If you want details about the Apple story, read my book, The Pomme Company. It is a look into Apple's sales culture from someone who was there for almost twenty years. There is no other book like it. It is an amazing roller coaster ride of a story.
So what should a company do that wants to have an easier time hiring sales people? You need to change the sales culture within your company. That might mean getting rid of some good sales people because they will be reluctant to change anything which might impact their compensation. What might be good for the company in the long run might mess up what has been good for their pockets. It is a choice a company has to make it they are building a new sales culture. Do you coddle those that have gotten you where you are or invest in those you are going to take you to where you need to be?
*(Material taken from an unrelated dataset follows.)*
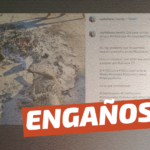 (Imagen): Perro fue quemado en barricadas: #Engañoso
The years that I ran Apple federal sales team were a magic time for me. I had a very professional sales team that was almost self-managing. I spent most of my time trying to get what they needed from corporate to be successful. Apple did not really want that much success out of the federal market and they did whatever they could to prevent it including not even letting us advertise to the federal market that our team existed to help them with Apple products. Tim Cook also believed that sales teams within the company should compete for the same customer. In world where we were seriously outnumbered that made zero sense. He should try looking at having Apple teams fight over sales from a customer's perspective.
Sales does not have to be a dog eat dog world. It can be an incredibly rewarding and supportive environment, but that only happens in companies that really understand how their products get sold. They also have to create the right environments for good people to take their message to customers.
Honing a new sales pitch for new employees is a waste of time unless you change your company's sales culture.